Many people are understandably reluctant to contemplate their own demise. Others choose not to do a Will based on inaccurate or incomplete "common sense." Regardless of the reason, upon your passing, your loved ones will be the ones impacted by your decision not to have a Will or other estate plan. 

While we cannot overcome your reluctance for you, we can address many of the common misconceptions that lead some to decide against having a Will or other estate plan. 

If I die without a Will all of my property automatically passes to my spouse.

This is a common misconception. Pursuant to statutes in most states, if you die intestate (without a Will) your spouse will receive all of your property ONLY if you have NO children. If you have even one child, your spouse will likely receive only a portion of your estate. The other portion of your estate will go to your child or children. Consider whether your spouse could comfortably live on a portion of your assets. 

I do not need to worry about estate planning because all of my property is jointly owned.

While it is true that jointly owned property can avoid probate, it only avoids probate for the estate of the first person to die. The survivor's estate will have to go through probate. In addition, joint ownership of property can have unintended (and undesirable) consequences, especially if the property is jointly owned by anyone other than your spouse. For example, the survivor may have to pay gift tax, your property may be attached by creditors of the surviving joint owner, or you may inadvertently disinherit a grandchild. 

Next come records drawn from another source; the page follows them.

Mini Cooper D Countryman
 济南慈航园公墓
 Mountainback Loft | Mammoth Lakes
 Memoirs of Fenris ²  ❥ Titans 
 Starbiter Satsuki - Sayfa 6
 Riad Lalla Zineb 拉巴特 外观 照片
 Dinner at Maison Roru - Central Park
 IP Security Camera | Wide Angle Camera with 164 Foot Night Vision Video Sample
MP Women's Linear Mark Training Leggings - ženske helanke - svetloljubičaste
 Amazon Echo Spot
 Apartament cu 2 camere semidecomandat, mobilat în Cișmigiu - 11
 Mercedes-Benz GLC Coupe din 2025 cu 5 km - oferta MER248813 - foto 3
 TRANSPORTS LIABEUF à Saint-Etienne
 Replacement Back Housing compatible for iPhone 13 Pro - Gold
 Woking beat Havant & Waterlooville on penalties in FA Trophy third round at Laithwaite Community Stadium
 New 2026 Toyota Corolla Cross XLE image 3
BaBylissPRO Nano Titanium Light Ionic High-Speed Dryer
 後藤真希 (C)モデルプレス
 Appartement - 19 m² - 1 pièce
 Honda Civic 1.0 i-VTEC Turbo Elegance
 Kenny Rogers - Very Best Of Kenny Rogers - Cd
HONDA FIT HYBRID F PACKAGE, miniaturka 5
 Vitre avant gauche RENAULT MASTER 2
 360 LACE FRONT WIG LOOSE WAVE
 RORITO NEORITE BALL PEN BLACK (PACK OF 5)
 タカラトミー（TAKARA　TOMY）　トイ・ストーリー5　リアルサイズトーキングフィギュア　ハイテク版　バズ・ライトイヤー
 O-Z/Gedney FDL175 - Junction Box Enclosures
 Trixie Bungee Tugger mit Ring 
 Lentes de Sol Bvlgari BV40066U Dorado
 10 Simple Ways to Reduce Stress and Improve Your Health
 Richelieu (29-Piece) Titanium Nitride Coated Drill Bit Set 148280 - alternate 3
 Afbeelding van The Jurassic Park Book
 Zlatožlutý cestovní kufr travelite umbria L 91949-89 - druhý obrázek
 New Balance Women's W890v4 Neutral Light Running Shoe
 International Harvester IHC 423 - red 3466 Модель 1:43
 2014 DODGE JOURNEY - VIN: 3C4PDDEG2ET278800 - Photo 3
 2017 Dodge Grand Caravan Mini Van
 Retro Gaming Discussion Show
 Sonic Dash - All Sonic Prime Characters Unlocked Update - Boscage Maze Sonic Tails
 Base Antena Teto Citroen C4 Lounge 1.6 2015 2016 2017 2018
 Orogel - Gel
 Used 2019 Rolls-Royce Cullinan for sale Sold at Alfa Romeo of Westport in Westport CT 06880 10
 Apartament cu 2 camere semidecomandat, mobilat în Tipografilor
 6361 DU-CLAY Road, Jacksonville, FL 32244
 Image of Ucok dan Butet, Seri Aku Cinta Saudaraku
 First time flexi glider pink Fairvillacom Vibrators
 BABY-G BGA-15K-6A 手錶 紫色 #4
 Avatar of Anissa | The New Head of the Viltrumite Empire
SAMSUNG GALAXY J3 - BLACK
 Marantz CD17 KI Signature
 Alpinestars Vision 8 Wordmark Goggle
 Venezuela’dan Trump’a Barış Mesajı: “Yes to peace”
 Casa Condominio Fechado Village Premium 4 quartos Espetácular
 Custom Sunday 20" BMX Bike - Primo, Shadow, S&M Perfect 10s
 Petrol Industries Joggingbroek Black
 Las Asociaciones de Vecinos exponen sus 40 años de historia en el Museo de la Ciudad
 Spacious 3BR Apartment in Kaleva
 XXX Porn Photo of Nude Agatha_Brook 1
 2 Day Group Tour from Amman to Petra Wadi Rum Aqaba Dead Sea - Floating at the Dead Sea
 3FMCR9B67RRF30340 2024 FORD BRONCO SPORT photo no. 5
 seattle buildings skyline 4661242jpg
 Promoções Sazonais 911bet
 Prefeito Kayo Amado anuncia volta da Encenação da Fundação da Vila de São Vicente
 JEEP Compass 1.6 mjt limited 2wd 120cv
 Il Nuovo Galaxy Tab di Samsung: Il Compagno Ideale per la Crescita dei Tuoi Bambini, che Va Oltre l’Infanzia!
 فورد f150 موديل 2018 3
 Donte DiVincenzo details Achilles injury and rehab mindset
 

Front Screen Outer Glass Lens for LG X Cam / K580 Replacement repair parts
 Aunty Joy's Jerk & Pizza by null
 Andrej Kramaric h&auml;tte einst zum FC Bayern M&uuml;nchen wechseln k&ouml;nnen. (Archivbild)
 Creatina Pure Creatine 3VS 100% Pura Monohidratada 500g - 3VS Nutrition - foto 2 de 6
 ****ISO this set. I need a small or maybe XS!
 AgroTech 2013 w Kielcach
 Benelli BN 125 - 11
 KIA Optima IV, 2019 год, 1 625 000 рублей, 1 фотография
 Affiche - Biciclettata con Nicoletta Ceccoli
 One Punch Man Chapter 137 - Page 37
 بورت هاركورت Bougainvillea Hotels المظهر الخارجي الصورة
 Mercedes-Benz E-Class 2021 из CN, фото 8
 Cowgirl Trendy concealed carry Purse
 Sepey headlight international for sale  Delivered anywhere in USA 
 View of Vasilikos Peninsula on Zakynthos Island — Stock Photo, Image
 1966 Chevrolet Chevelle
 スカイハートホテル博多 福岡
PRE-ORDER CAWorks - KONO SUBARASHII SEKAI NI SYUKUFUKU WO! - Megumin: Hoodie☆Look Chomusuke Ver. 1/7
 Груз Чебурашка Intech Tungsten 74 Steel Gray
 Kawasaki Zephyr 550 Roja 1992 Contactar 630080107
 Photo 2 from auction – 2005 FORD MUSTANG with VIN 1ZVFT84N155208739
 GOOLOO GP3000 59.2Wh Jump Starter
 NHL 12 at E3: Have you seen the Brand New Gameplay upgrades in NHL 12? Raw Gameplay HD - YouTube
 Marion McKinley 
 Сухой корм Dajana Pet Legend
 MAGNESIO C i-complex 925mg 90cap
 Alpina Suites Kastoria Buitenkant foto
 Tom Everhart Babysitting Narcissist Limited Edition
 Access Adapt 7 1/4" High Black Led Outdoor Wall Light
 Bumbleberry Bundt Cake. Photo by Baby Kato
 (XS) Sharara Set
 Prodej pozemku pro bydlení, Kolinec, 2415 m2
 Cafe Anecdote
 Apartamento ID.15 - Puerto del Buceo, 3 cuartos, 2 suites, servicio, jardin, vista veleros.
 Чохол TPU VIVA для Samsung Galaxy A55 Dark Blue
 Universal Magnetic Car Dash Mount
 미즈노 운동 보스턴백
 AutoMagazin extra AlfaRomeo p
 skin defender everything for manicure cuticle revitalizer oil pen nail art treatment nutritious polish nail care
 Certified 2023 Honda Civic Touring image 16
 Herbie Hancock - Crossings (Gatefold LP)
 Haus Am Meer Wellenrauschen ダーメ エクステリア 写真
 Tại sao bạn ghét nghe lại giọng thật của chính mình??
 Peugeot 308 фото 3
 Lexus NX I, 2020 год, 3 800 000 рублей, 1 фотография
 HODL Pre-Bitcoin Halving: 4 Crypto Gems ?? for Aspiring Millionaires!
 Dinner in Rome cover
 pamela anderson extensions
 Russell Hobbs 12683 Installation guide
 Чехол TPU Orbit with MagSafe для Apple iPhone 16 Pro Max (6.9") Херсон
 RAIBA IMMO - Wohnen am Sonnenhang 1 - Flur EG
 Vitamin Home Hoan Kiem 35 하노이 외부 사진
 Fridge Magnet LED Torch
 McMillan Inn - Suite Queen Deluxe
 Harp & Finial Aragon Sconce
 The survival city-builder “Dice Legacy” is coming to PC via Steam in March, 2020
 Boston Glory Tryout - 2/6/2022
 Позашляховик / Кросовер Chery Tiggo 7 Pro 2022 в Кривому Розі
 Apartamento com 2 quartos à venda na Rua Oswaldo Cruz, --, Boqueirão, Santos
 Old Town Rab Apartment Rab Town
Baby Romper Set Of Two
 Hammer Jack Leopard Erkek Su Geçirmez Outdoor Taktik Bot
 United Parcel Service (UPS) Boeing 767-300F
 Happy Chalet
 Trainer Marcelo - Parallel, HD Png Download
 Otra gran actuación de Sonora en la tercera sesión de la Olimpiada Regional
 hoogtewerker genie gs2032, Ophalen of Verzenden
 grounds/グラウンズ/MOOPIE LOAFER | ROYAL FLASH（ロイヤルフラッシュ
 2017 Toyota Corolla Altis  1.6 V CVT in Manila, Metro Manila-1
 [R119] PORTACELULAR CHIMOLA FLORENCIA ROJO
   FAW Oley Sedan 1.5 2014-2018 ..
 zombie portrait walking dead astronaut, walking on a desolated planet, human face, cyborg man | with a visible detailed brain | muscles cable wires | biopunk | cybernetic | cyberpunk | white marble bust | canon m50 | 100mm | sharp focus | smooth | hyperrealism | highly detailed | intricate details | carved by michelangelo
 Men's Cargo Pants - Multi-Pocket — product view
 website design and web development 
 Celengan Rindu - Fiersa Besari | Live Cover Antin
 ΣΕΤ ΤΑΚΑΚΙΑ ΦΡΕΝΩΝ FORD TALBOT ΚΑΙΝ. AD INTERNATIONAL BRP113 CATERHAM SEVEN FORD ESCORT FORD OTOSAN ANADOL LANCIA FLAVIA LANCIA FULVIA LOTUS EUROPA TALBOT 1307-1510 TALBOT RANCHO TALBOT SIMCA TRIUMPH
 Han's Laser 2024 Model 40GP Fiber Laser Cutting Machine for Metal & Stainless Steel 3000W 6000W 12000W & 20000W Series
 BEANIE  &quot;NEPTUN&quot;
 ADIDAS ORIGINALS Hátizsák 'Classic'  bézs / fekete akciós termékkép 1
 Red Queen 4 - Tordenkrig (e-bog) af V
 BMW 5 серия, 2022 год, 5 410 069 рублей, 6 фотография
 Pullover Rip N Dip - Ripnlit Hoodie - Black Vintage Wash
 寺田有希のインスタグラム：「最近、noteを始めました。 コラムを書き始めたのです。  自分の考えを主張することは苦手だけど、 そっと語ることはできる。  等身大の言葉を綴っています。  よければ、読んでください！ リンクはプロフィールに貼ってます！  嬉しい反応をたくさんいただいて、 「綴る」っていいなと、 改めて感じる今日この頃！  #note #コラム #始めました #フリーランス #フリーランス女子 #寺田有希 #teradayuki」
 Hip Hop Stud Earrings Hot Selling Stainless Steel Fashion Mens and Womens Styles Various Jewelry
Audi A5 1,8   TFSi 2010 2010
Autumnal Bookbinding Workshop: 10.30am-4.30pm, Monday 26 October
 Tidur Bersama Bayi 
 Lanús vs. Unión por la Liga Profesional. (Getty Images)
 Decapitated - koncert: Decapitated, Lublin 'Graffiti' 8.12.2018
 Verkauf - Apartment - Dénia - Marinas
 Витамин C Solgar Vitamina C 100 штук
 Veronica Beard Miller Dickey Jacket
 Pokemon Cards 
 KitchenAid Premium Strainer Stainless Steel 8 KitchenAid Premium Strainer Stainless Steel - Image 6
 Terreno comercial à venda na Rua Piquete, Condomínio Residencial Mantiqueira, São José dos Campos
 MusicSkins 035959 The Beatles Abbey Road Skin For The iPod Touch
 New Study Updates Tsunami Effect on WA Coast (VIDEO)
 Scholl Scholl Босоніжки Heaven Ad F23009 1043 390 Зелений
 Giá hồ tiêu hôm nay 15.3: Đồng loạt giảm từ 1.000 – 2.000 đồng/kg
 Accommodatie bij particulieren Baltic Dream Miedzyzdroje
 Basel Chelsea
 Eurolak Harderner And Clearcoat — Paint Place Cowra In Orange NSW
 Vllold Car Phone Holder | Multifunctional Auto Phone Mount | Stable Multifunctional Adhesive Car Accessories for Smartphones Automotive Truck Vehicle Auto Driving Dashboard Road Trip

And what if the joint owners die in a common occurrence - who will inherit the property? 

If my spouse and I die, our child will be cared for by his or her closest relative.

If you and your spouse die leaving a child under the age of 18, a court will have to determine who will serve as your child's guardian. The court's decision will not be based solely on your child's relationship to a particular individual. Many factors will be considered to determine what would be in the best interest of your child. If you would like your voice to be heard by the court, you must speak up now by executing a Will in which you nominate a guardian. There is simply no other way to have your wishes made known by a court of law. This is particularly important if you would like a non-relative to be your child's guardian.  Please contact us with questions of for more information.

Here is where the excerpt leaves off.